Historia
Zaślubiny Polski z morzem - 1920 rok (c.d.)
Oto jak wspomina tamte wydarzenia naoczny świadek - Maciej Rataj - Marszałek Sejmu Ustawodawczego 1920 r.
Notatki z osobistego pamiętnika Macieja Rataja...
10 lutego 1920 r. wziąłem udział w uroczystości objęcia morza w posiadanie Polski, jako członek delegacji sejmowej, zaproszonej przez gen. J. Hallera. Razem z nim jechał, jako przedstawiciel rządu, ówczesny minister spraw wewnętrznych Wojciechowski, późniejszy Prezydent Rzeczypospolitej.
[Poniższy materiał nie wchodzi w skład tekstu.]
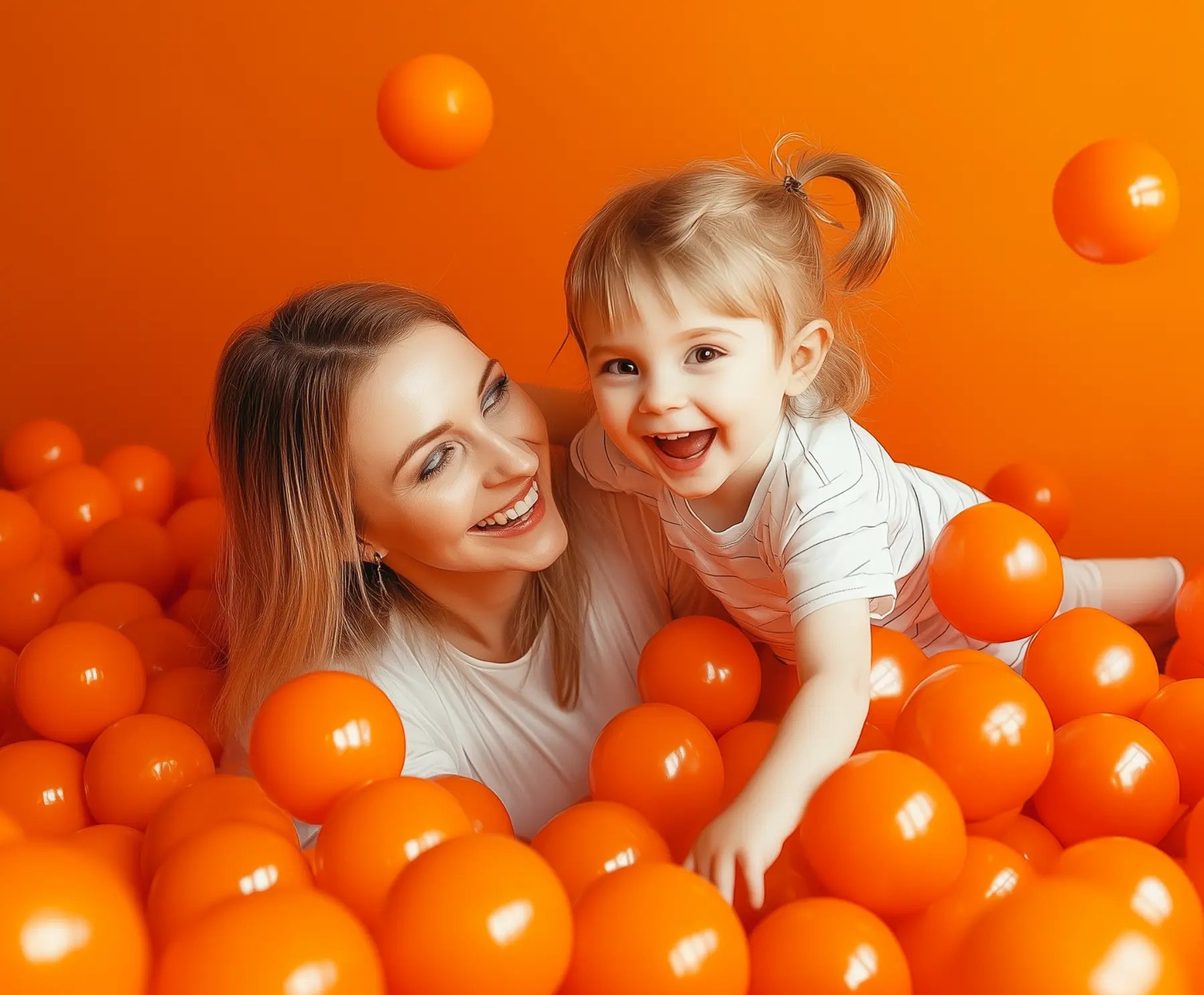 Maminka a malé dítě při společné hře v oranžovém prostředí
Pierwszy raz miałem wstąpić na ziemie byłej dzielnicy pruskiej, pierwszy raz miałem zobaczyć morze polskie w dniu objęcia brzegów jego przez Polskę. Mimo iż pociąg był umyślny (pierwszy cywilny pod kierownictwem polskim po pociągu wiozącym gen. Hallera), wlekliśmy się niezmiernie pomału, marznąc w nie opalonych wagonach przeszło dobę. Był czas na oglądanie i rozmyślanie. Z podziwem przypatrywałem się nie tkniętemu zniszczeniem wojennym Pomorzu, zewnętrznej kulturze, uregulowanej Wiśle, wspaniale rozbudowanym węzłom, stacjom kolejowym; ale i z lękiem: zrozumiałem, iż Niemcy nie tak prędko i nie tak łatwo zrezygnują moralnie z tych ziem, że przyjdzie nam jeszcze wziąć się z nimi za bary w śmiertelnym zmaganiu o te ziemie. W Tczewie zatrzymaliśmy się na kilka godzin i zwiedziliśmy to miasto, wybitnie i wyłącznie niemieckie. Zwiedziłem je jeszcze w drodze powrotnej, w 48 godzin potem. Zmienione jakby różdżką czarodziejską; już zdołano przetłumaczyć i przemalować szereg wywieszek na sklepach, wymalować emblematy polskie na sklepach tytoniowych, spolszczyć nazwiska. Przymusowy kurs 1 marka polska = 1 marka niemiecka, ustalony przez władze polskie przy obejmowaniu Pomorza, wywołał niesłychaną taniość dla przybywających z dotychczasowych obszarów Polski, gdyż marka niemiecka była faktycznie droższa.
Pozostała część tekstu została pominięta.